# Derangements math problem

1. Jul 19, 2011

### cragar

1. The problem statement, all variables and given/known data
Twenty five men and twenty five women attend a dance competition. The com-
petition rules are: There are n dance events, and each dancer must participate in
all n events. In each event each man must be partnered with a woman for that
dance. In each subsequent event, no man may partner with a woman with whom
he was partnered during an earlier event.
(b) If n=3, how many different ways are there to form new man-woman pairs for
the third dance event in such a way that the competition rules are not violated?
3. The attempt at a solution
for the first dance their should be 25! ways to arrange the first dance. Then for the second dance we use the derangement formula to subtract away the bad ones, but for the 3rd dance it gets quite tough. I tried doing inclusion exclusion but weird exceptions keep showing up,I tried looking for patterns but nothing seemed to work. I tried doing it for smaller groups of people. Does any one know what its called when we have n=3, would that be the 3rd permutation or is it called something else, If anyone could provide any info or where I should read more about it or what it is called. I would really appreciate it.

2. Jul 19, 2011

### awkward

Re: Derangements

Hi cragar,

I haven't worked the problem out in detail, but here is an approach which I think might work.

Let's say N is the number of acceptable ways that partners can be assigned for the first two dances. (You seem to know how to compute N.) Given an acceptable arrangement, then, each woman has danced with exactly two men.

If we ignore the requirement that a woman must not duplicate a previous partner, we can have $$N \cdot n!$$ arrangements in which the first two dances are acceptable but the third dance is possibly unacceptable. Let's say the assignment of partners for the third dance "has property i" if the ith woman duplicates one of her two previous partners. Then maybe you can use PIE to find the number of the $$N \cdot n!$$ arrangements which have none of the n properties.

It's not clear to me, from the problem statement, whether you are supposed to count the total number of arrangements for all three dances or just the number of ways to assign partners for the third dance, given that the first two are OK. If the latter, then try applying PIE to the n! ways that partners could potentially be assigned in the third dance-- i.e., subtract the bad arrangements from n! instead of N n!.[/edit]

Last edited: Jul 19, 2011
3. Jul 20, 2011

### tiny-tim

hi cragar!

(this problem looks unusually difficult

is it from a book, or have you made it up yourself?)
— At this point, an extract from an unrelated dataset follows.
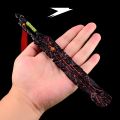 Mô hình trưng bày Huyền Thiết Trọng Xích dài 21cm bằng kim loại của Tiêu Viêm - Hoàng môhình. 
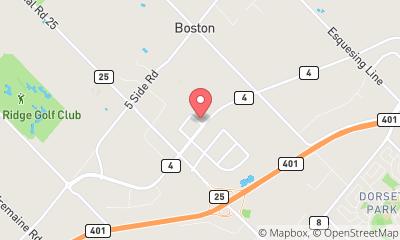 map, U-Haul Neighborhood Dealer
have you noticed that you can break down each arrangement of the first two dances into cycles …

try getting everyone to shake left hands with the person they danced with first, and right hands with the person they danced with second …

what happens?

4. Jul 21, 2011

### cragar

Re: Derangements

So i thought about how at dance 3 they would have 2 less choices for their last dance to pick from. And when you try to make them shake hands you get people that have danced with the same person but from different dances.